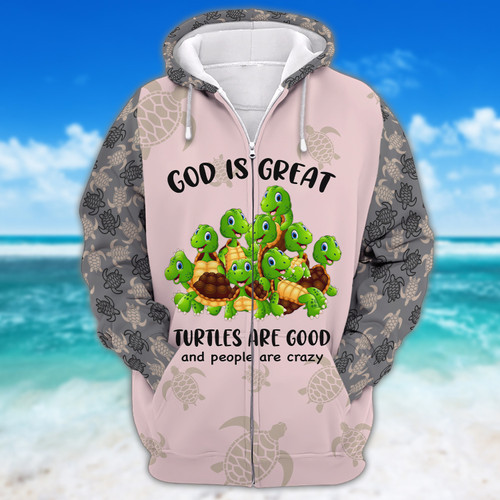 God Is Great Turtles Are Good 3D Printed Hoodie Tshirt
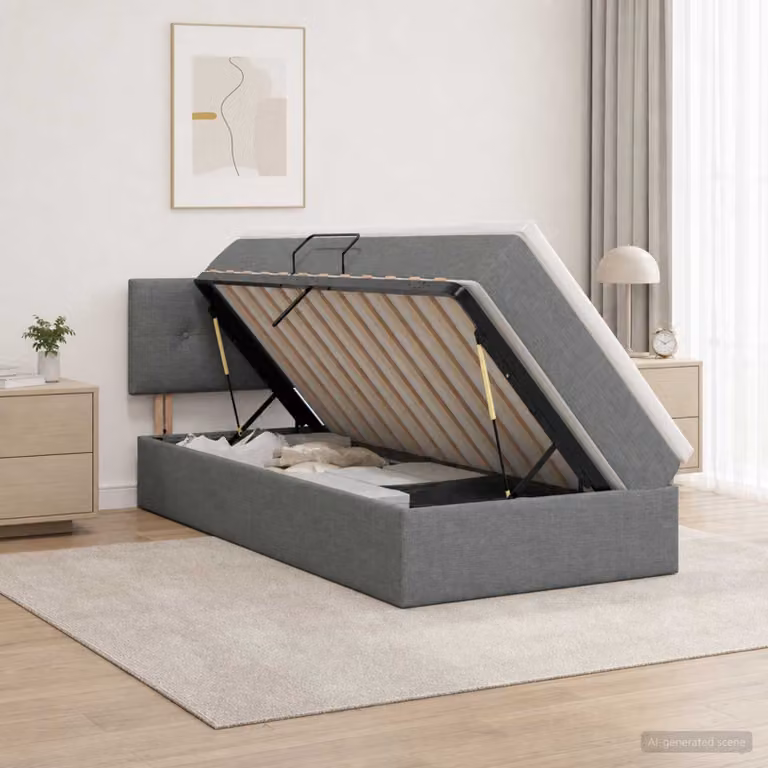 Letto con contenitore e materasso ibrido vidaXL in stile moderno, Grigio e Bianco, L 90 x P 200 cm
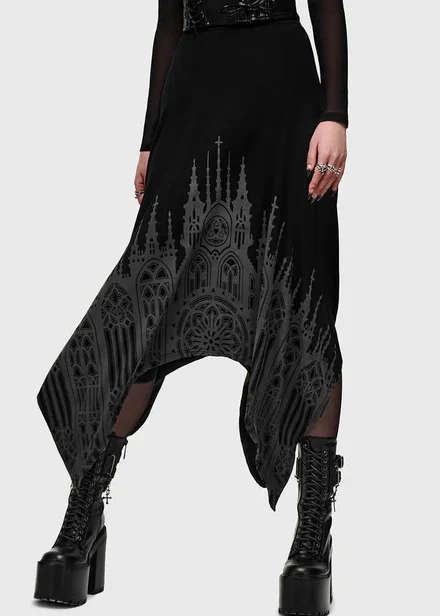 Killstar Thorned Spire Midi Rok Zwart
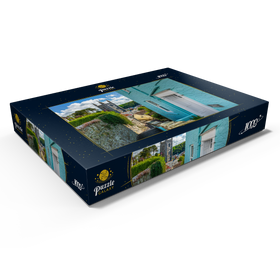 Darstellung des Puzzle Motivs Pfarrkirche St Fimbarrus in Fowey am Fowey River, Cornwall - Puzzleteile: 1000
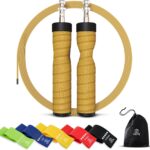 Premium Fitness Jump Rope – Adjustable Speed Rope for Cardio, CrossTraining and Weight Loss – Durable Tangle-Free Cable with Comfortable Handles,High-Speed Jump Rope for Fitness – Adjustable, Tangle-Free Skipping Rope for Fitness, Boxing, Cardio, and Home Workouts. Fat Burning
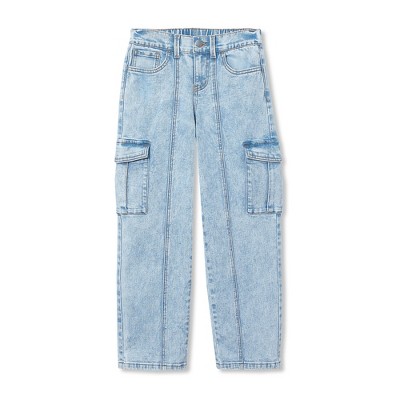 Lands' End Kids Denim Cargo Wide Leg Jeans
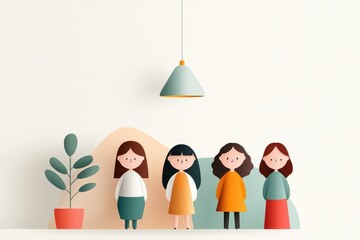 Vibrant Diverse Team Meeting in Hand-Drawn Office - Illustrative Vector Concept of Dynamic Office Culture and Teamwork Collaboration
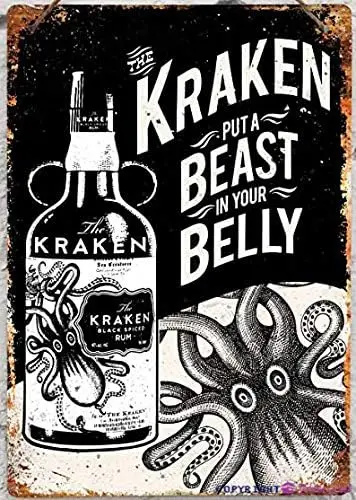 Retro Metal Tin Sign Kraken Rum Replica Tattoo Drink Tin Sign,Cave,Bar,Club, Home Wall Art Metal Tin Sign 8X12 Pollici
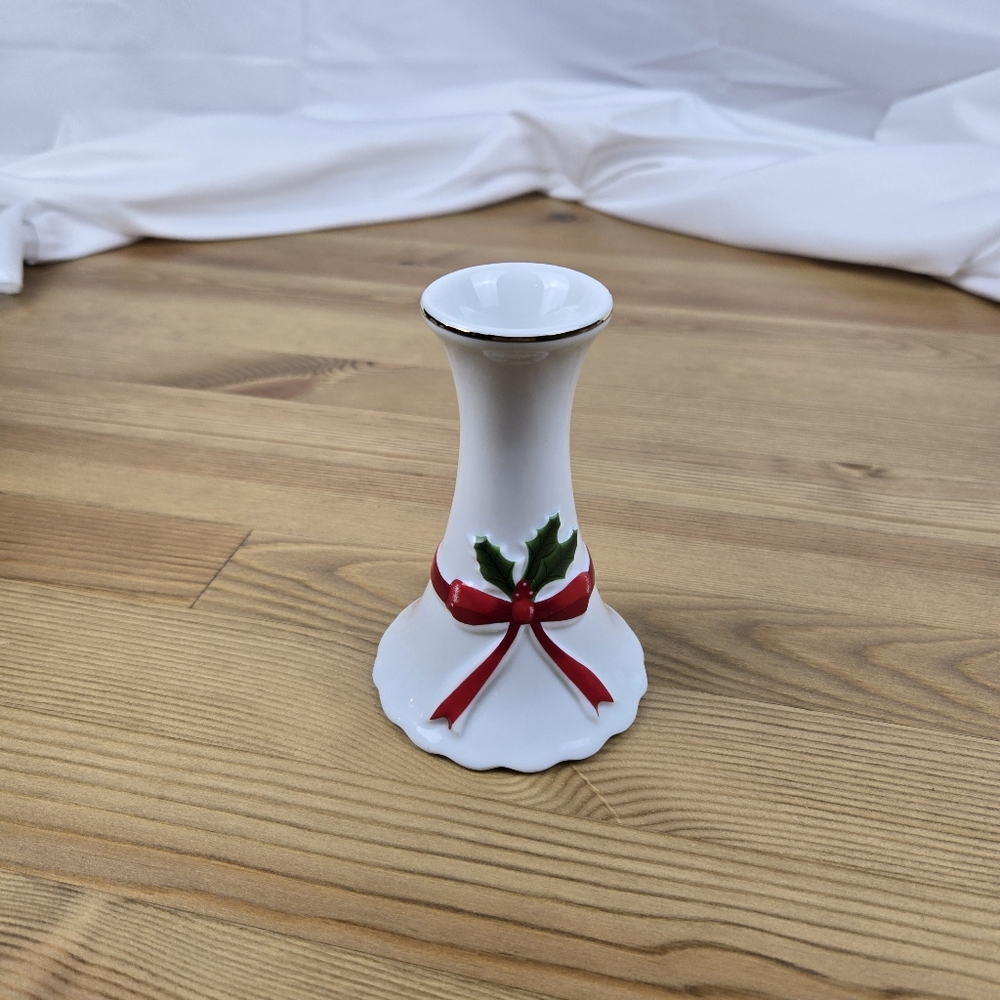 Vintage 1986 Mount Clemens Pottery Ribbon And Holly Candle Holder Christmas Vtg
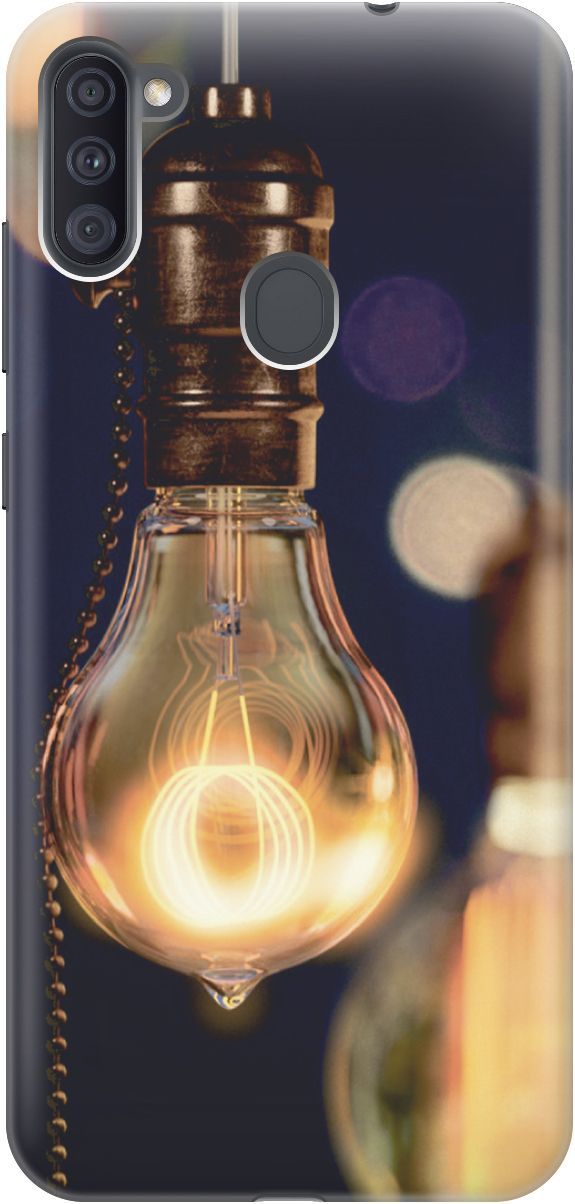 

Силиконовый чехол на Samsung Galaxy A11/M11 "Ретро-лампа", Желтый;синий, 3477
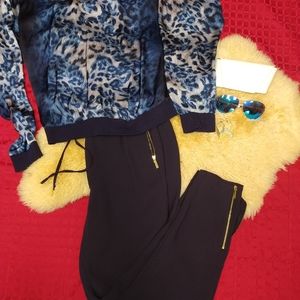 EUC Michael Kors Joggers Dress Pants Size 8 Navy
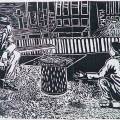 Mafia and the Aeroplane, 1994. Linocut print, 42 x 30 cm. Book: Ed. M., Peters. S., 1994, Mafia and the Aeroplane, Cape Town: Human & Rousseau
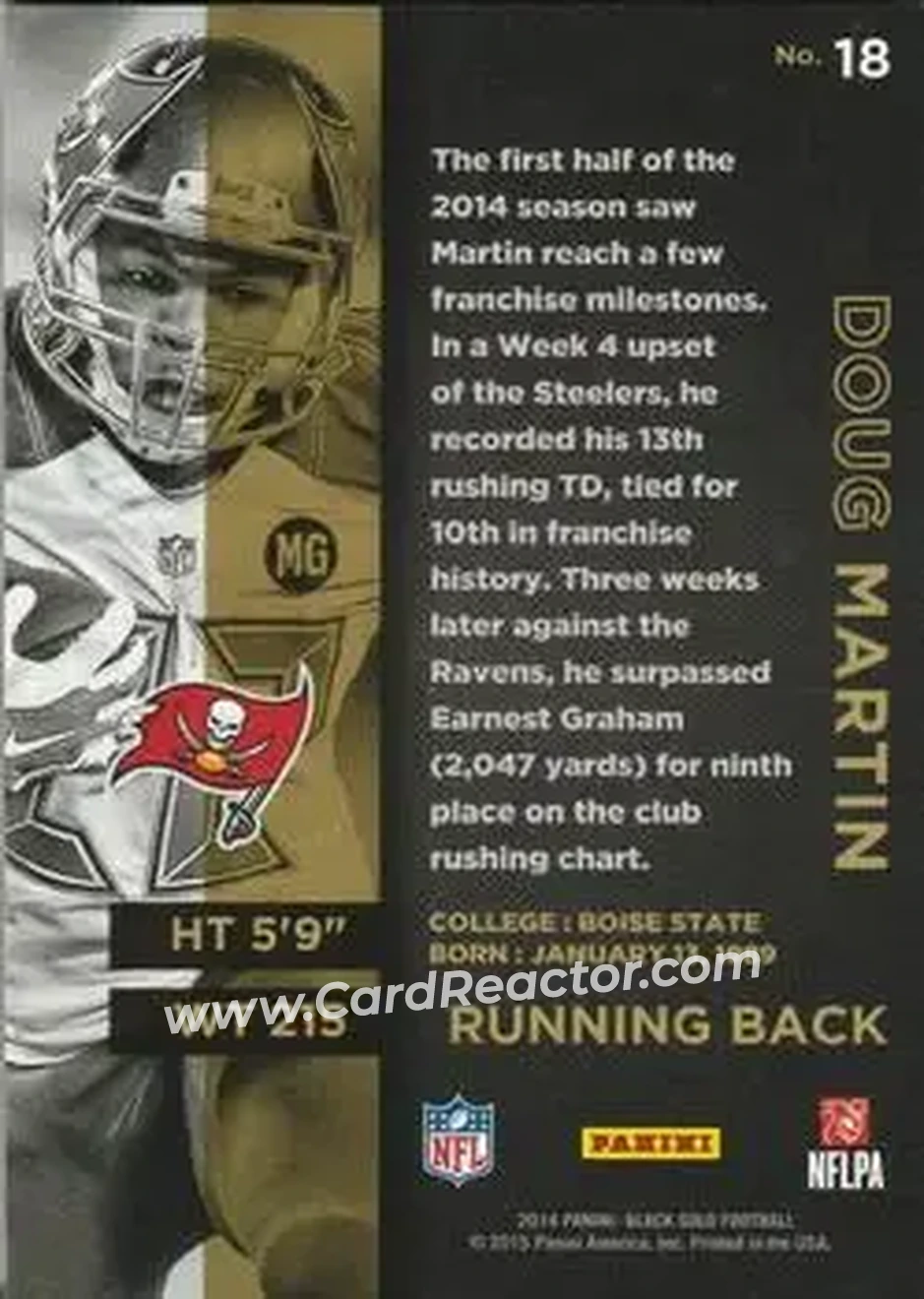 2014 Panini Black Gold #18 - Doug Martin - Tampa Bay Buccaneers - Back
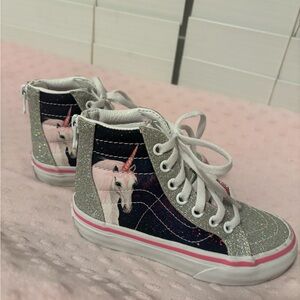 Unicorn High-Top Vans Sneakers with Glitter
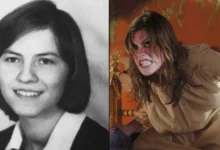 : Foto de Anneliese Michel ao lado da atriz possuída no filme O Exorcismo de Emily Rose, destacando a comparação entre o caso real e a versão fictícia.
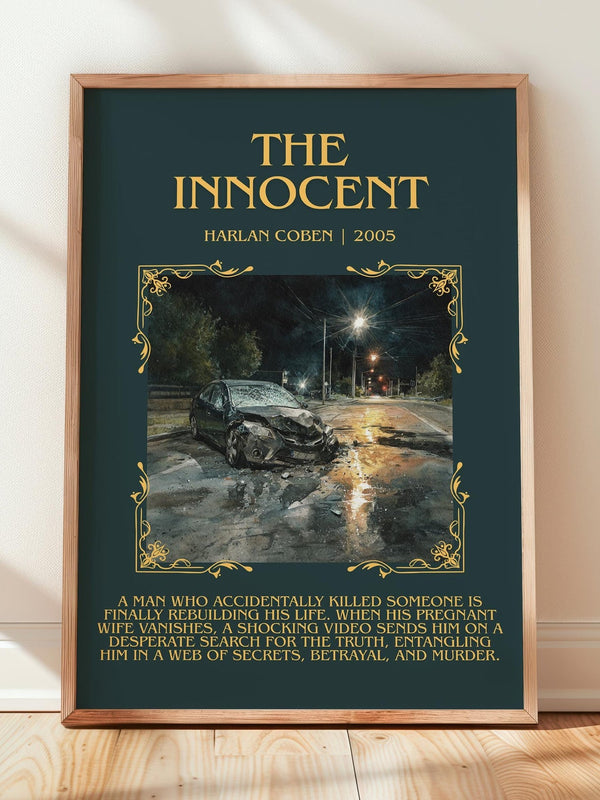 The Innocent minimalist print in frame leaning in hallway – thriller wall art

^^^^

## Work required
The lines from the one containing "2014 Panini Black" through the last line of the entries are to be copied exactly, both ends included, and the pictures are to be omitted.

## Response to this task
 2014 Panini Black Gold #18 - Doug Martin - Tampa Bay Buccaneers - Back
 Unicorn High-Top Vans Sneakers with Glitter
 : Foto de Anneliese Michel ao lado da atriz possuída no filme O Exorcismo de Emily Rose, destacando a comparação entre o caso real e a versão fictícia.
 The Innocent minimalist print in frame leaning in hallway – thriller wall art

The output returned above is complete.